Praxisphilosophie: Geschichtliches Handeln und Naturdialektik
Zu Wolfdietrich Schmied-Kowarziks Buch 'Die Dialektik der gesellschaftlichen Praxis'.
DOI:
https://doi.org/10.32387/prokla.v13i50.1490Schlagworte:
Praxisphilosophie, Marx, Marxismus, Kritische Theorie, DialektikAbstract
Wer Marx war - das scheint heute eine abgeklärte Frage zu sein: Ein Priester des Hegelianismus, ein Prophet proletarischer Offenbarung, ein Geschichtsmetaphysiker.

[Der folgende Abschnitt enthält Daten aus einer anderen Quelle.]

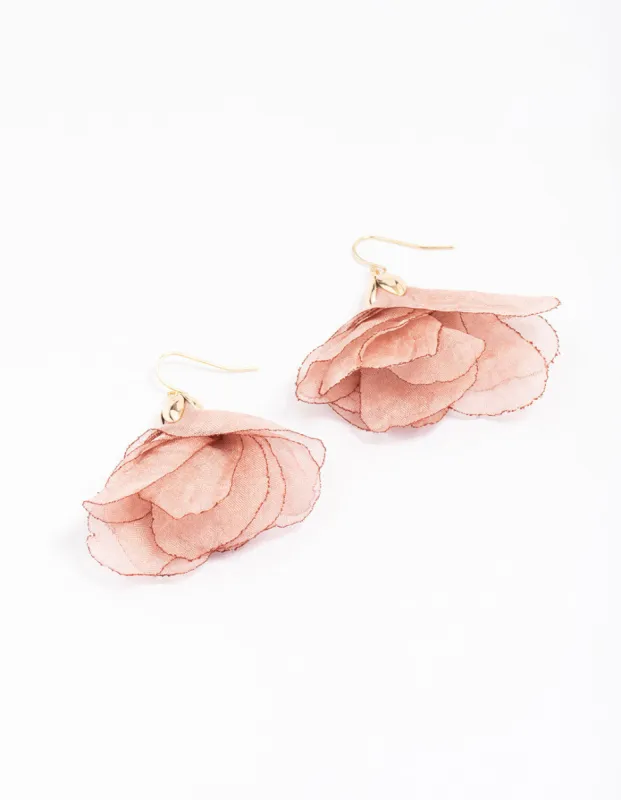 Gold Layered Fabric Flower Drop Earrings sold by lovisa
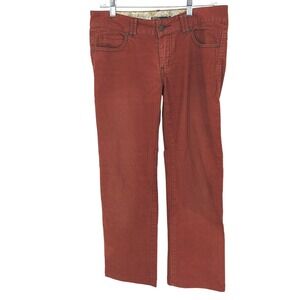 Prana Corduroy‎ Pants Womens 6 Rust Orange Straight Leg Mid Rise Hiking Gorpcore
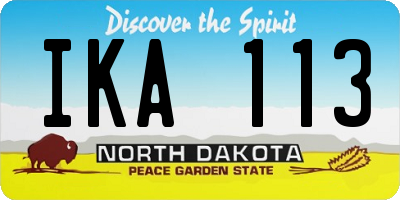 ND license plate IKA113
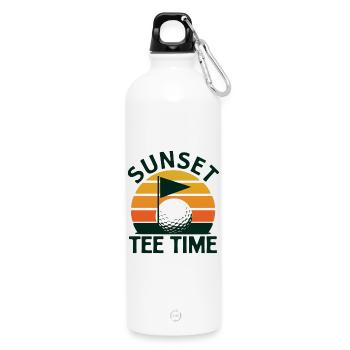 Golf Golfen Retro - Trinkflasche mit Karabiner 750 ml - Weiß - Vorne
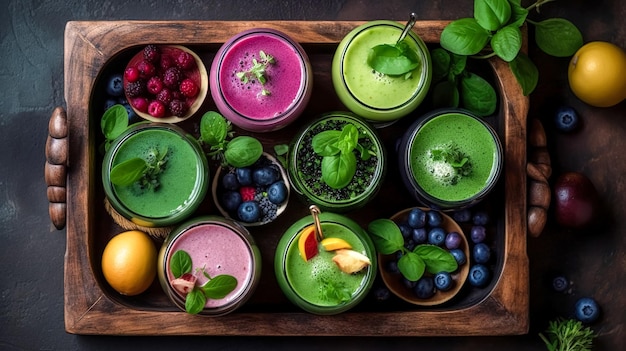 Smoothies from berries and fruits top view generative ai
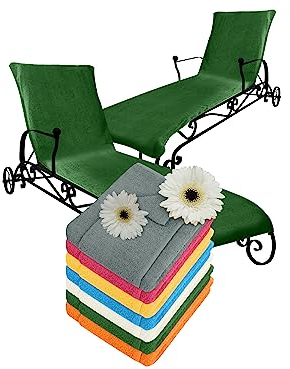 Dyckhoff Doppelpack Schonbezüge mit Kapuze - für Gartenstuhl oder Gartenliege 277.1716, Gartenliege, grün
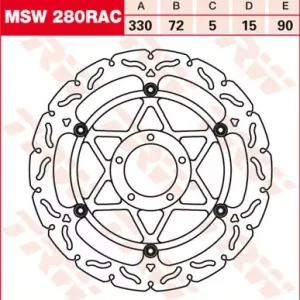 Rabatt TRW Bremsscheibe schwimmend MSW280RAC passend für Ducati Monster 1200 S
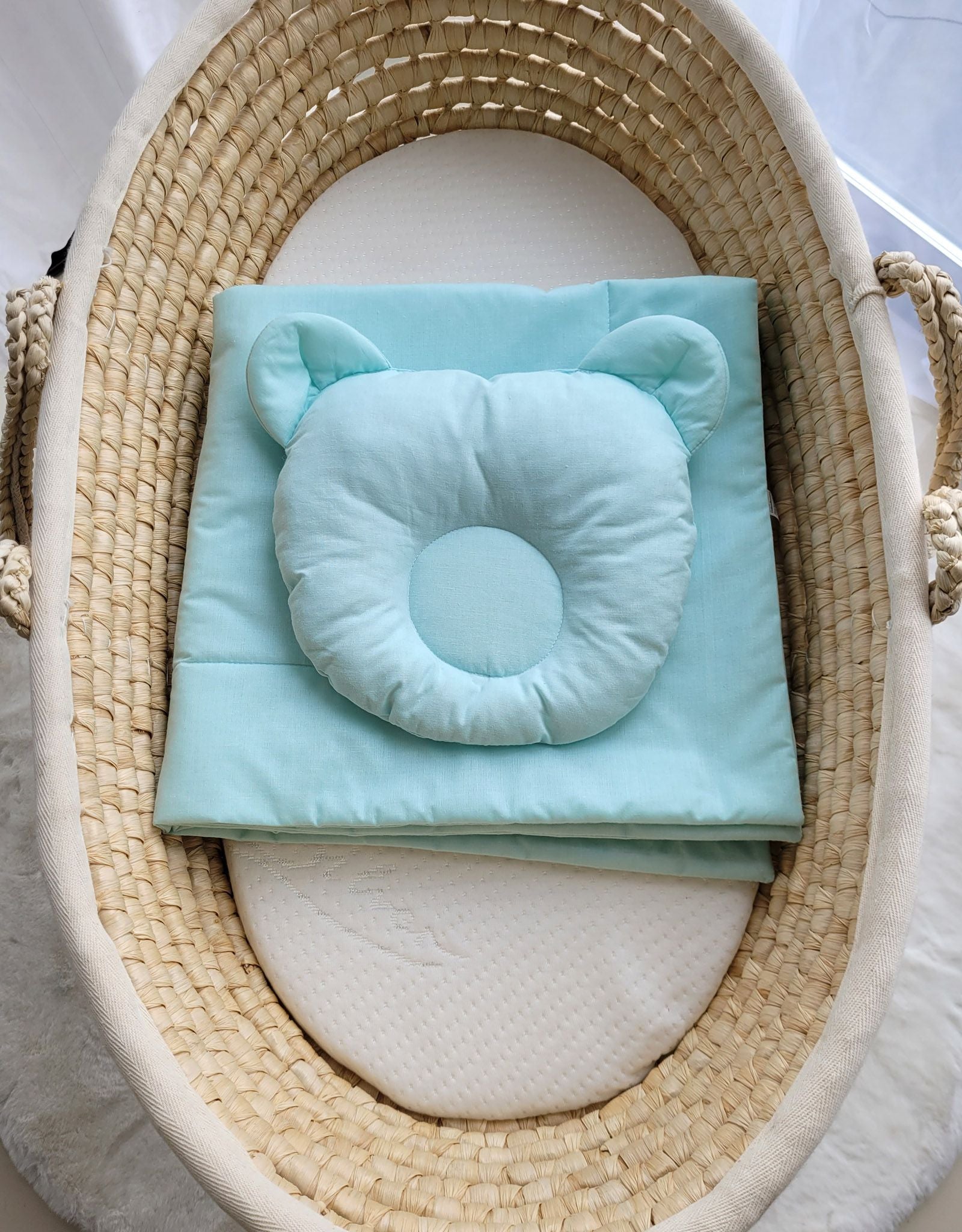 Baby deken met vulling en teddybeer kussentje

Marxismus? - Eine proletarische Religion, eine Theophanie des Kommunismus. Hegels Philosophie? - Der idealistische Wahn eines vom Rationalismus ergriffenen Theologen. Das Proletariat? - Marx zufolge die inkarnierte Heilsgewißheit. Marx? Ein Irrtum! Marxismus? Eine epochale Sackgasse! Haben sich die Hoffnungen des Marxismus auf die revolutionäre Rolle des Proletariats etwa nicht als unerhörte Fehlprognose, als ein phantastischer Traum erwiesen? Und hat Marx etwa nicht die Industrie verherrlicht, wenn er in ihr jene Produktivkräfte heranreifen sieht, die die Basis einer sozialistischen Gesellschaft bilden werden? Hat er damit nicht unbedacht, verführt durch einen empirisch gleichgültigen und analytisch unfruchtbaren philosophisch-hegelianisierenden Sprachgebrauch, für einen Sozialismus der Supertechnologien plädiert, gleichsam einen Sozialismus der Atomkraftwerke, Startbahnen und Betonwüsten? Hat er nicht, mit Hegel auf den Kopf gefallen, den naturnotwendigen Zusammenbruch des Kapitalismus prophezeit? Und schließlich: Lehrt der sogenannte 'reale Sozialismus', die 'Diktatur über das Proletariat' nicht, was herauskommt, wenn versucht wird, das Marxsche Denken zu verwirklichen?